# Camo Wraps



## bugout (May 15, 2014)

curious if anyone has used these camo vinyl graphics before ( Camo4u Camoskinz - Premium Vinyl Wraps for Trucks, Boats, ATVs, Guns, and more. The only camouflage graphic system with a lifetime warranty against fading. Camo clad your hunting vehicles. Over 30 camo designs to choose from including Realtree, Mossy ) - I like the idea of camo'ing up my bug-out vehicle in desert camo...


----------



## bad (Feb 22, 2014)

We painted our last van woodland camo. Took a bottle of deglosser and about 8 spraycans of krylon camo paint.


----------



## bugout (May 15, 2014)

I've also been looking at these at-home camo dipping kits - Camo Dip Kit - Do It Yourself Water Transfer Camo Dip Kit


----------



## Kauboy (May 12, 2014)

I've always liked these, but never used them. The hydro-static "dip kits" look simple enough, but I'm sure I'd screw it up.


----------



## Jakthesoldier (Feb 1, 2015)

Its getting big to change car colors by wrapping them in vinyl.
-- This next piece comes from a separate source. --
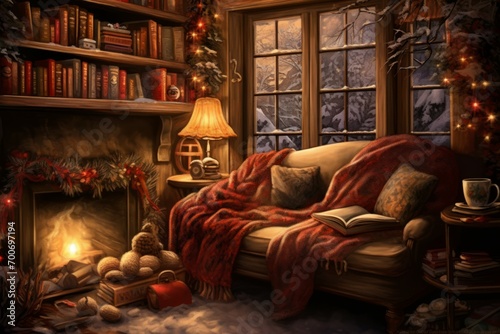 Cozy Winter Reading - Generative AI #700697194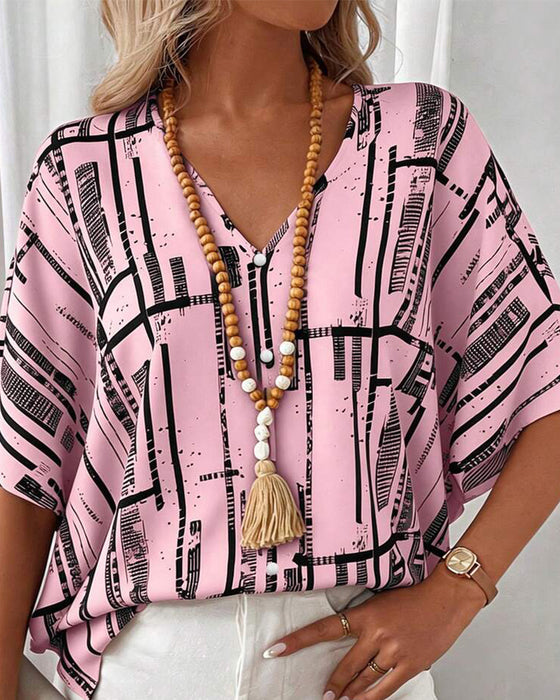 V-Neck Line Batwing Sleeve Blouse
Instead of paying 6k for a respray, pay 5-900 for a vinyl wrap that protects the paint underneath and still looks good. easy to remove. They might claim a lifetime warranty, I've never seen vinyl last much more than a couple years.


----------



## GTGallop (Nov 11, 2012)

Camo really makes you stand out in public - really really. That is the first vehicle any militarized force will disable.

In the wilderness it is in its element where say a bright red truck would stand out. I think tan is about the best color you can get.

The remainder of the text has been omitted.